Até um tempo atrás eu só tinha visto o Artest cantar uma vez, quando fez um pedido de desculpas em forma de música após ter abaixado as calças do Paul Pierce no meio de um jogo. Segundo o Artest, o Pierce estava acabando com ele e então tinha que fazer alguma coisa para pará-lo. Simples assim.

Um personagem é uma representação de um ser humano numa obra de arte, num livro por exemplo. Para nós que acompanhamos a NBA de longe, sem ter contato com ninguém de lá, ela se torna uma obra de arte, um produto com preocupações estéticas e que conta uma história.
Essa história tem vários tipos de personagens que a própria NBA, a mídia e nós mesmos vamos moldando para que eles pareçam mais caricatos e menos humanos. O Kobe não tem a mesma graça se parecer menos obstinado a vencer, o Arenas não tem a mesma graça se aparece um dia mal humorado.
Na distribuição de papéis coube ao Ron Artest ser o outsider, o que não se encaixa. O cara excêntrico de temperamento imprevisível que pode estragar a química de um time.
Mas olhe de novo todas essas histórias singulares que acabei de contar e perceba que, na verdade, ele é só um cara real. Alguém que briga num momento tenso, que se diverte quando faz o que gosta, que se motiva dentro de uma competição e que tenta se divertir. Falando assim dá até pra se identificar, não é?
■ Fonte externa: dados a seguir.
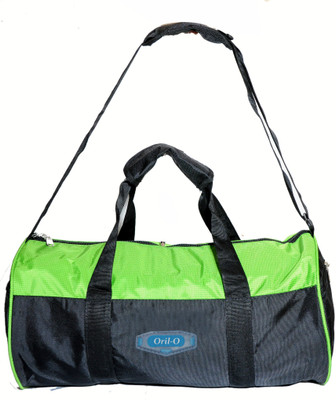 

Oril ORIL SPORT BAG SITE BAG(Multicolor, Backpack, Black;green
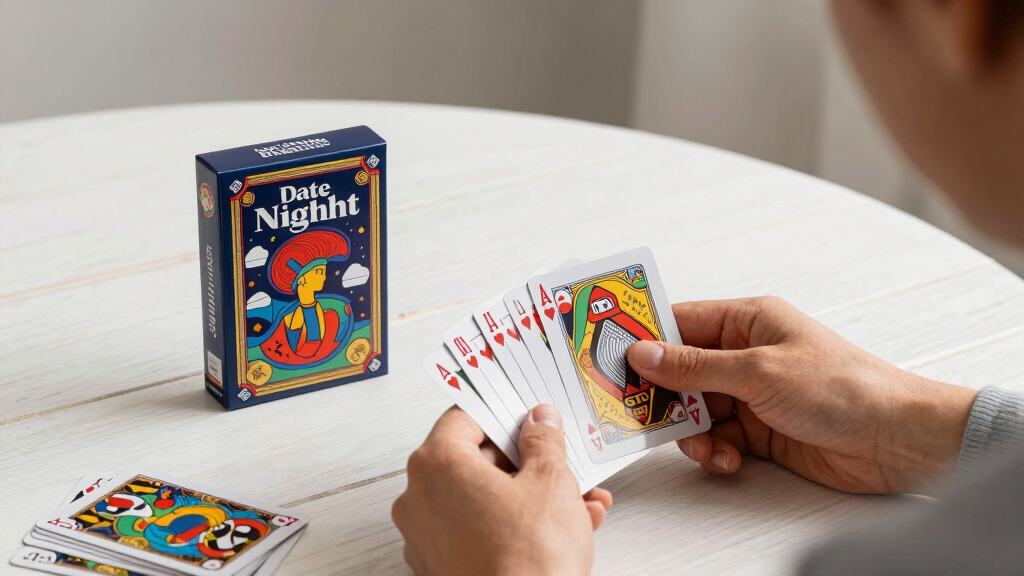 7 Best Date Night Card Games in 2026 — Make Every Night Special
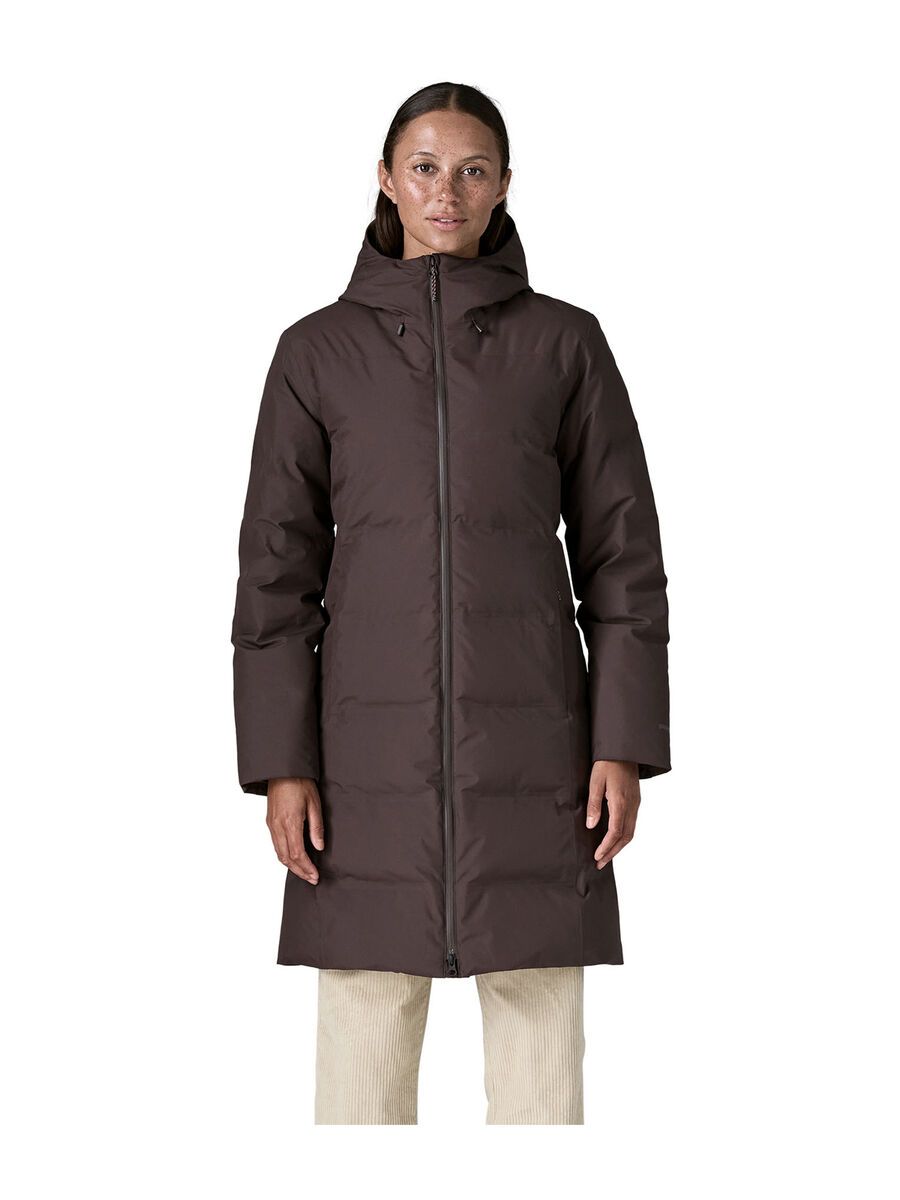 Patagonia Women's Jackson Glacier Parka, den brown - Bild 2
As histórias pouco convencionais do Artest são divertidíssimas e animam o folclore da NBA, alimentam o personagem exótico que querem que ele seja e que abraçamos pela necessidade que temos de ver a NBA como algo mágico, inalcansável. Mas ele se torna meu personagem favorito porque parece estranhamente real. No fim das contas nós, pessoas comuns, nos vemos em Ron Artest. E isso também fascina.